- Dataset -

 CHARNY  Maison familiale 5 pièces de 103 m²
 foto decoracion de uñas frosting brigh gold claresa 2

--

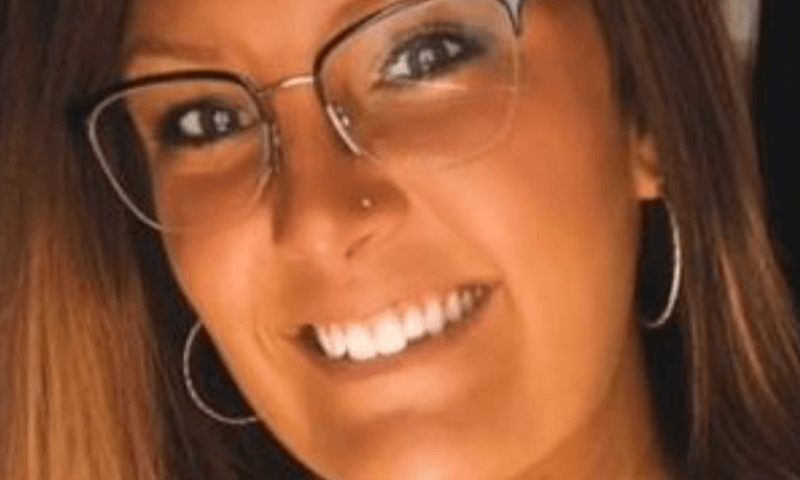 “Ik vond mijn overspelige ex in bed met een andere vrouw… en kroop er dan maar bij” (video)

- Instructions for the task -
Reprint exactly the lines above that start at the one with "CHARNY  Maison familiale 5 pièces de 103 m²" and end at the one with "foto decoracion de", keeping both and adding none.

- Problem solution -
 CHARNY  Maison familiale 5 pièces de 103 m²
 foto decoracion de uñas frosting brigh gold claresa 2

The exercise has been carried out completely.